* Task to complete
Beginning with the line where "Matboard, Framed" appears, set down each line exactly until the records below end, and omit the pictures.

* Data for analysis
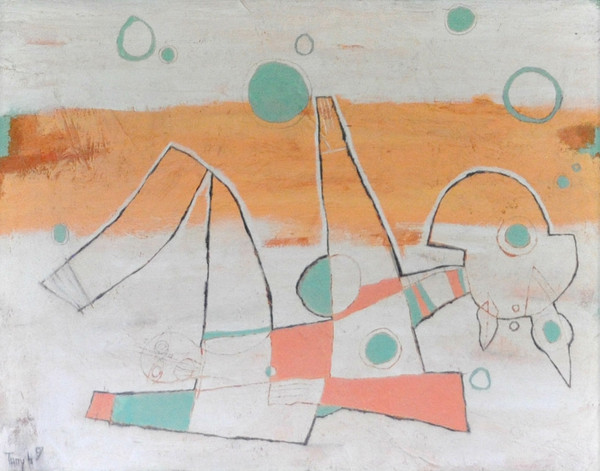 Mixed Media on Canvas   
26 1/2 x 32 inches (L x W)
Matboard, Framed 

Birth II Poem:

Be born, then die
Find happiness, then fly
LIVE NOW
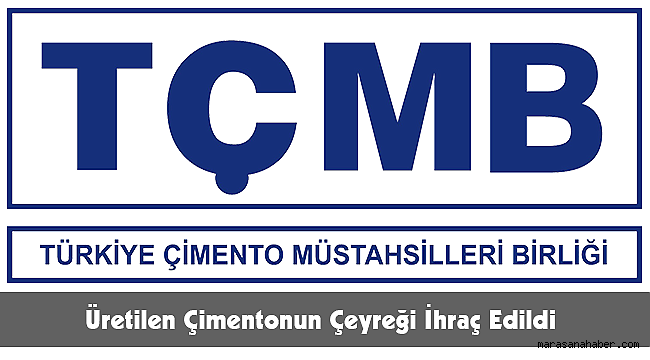 Üretilen Çimentonun Çeyreği İhraç Edildi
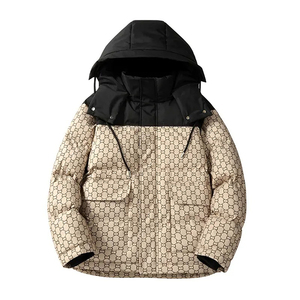 Chaqueta de Invierno para Hombre, Personalizable con Logotipo, Talla Grande, Ligera, de Algodón, para Exteriores, Acolchada, Forrada de Felpa, Impermeable - Product Image 6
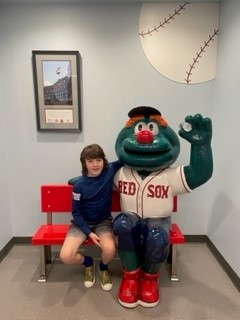 Philip and Wally at the Jimmy Fund Clinic, at Dana Farber! 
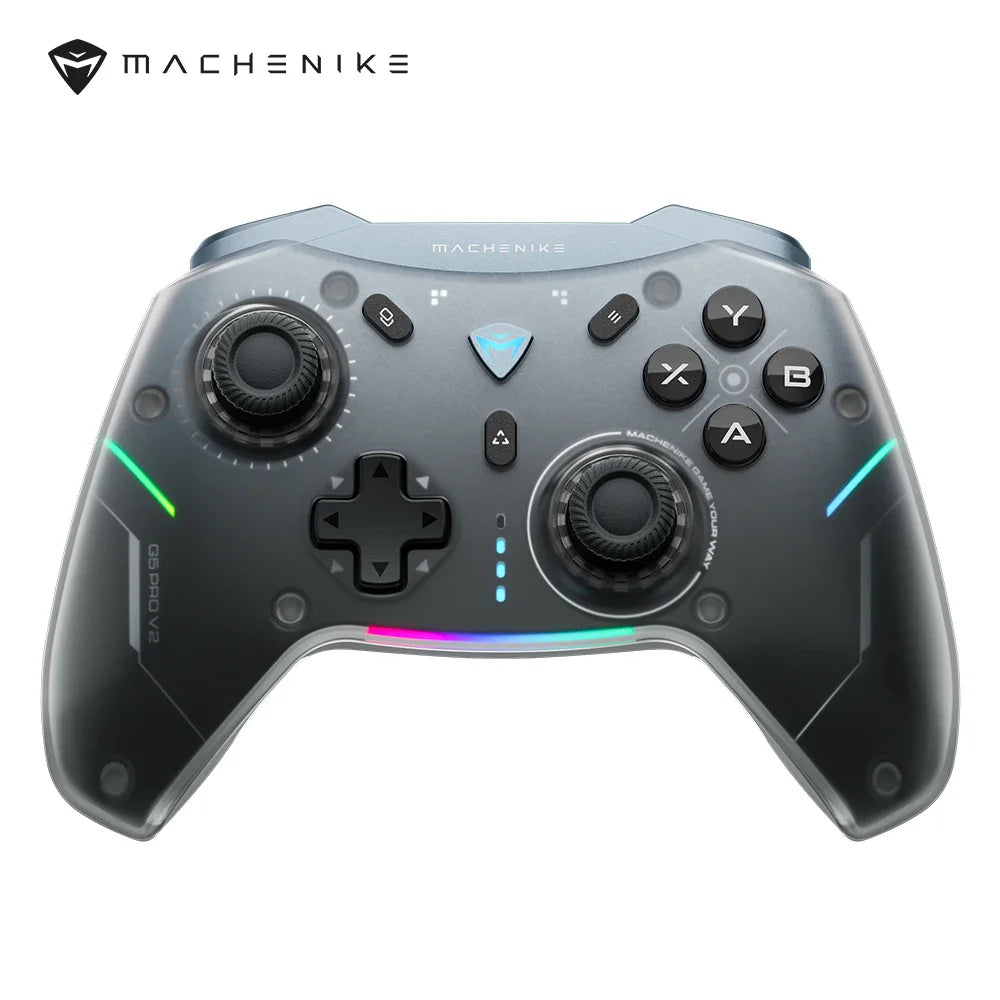 MACHENIKE G5Pro V2 Gaming Controller with Optical Triggers, ABXY Buttons, Hot-Swappable Joystick, 4K Resolution for Switch & PC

* Written solution
Matboard, Framed 

Birth II Poem:

Be born, then die
Find happiness, then fly
LIVE NOW
 Üretilen Çimentonun Çeyreği İhraç Edildi
 Chaqueta de Invierno para Hombre, Personalizable con Logotipo, Talla Grande, Ligera, de Algodón, para Exteriores, Acolchada, Forrada de Felpa, Impermeable - Product Image 6
 Philip and Wally at the Jimmy Fund Clinic, at Dana Farber! 
 MACHENIKE G5Pro V2 Gaming Controller with Optical Triggers, ABXY Buttons, Hot-Swappable Joystick, 4K Resolution for Switch & PC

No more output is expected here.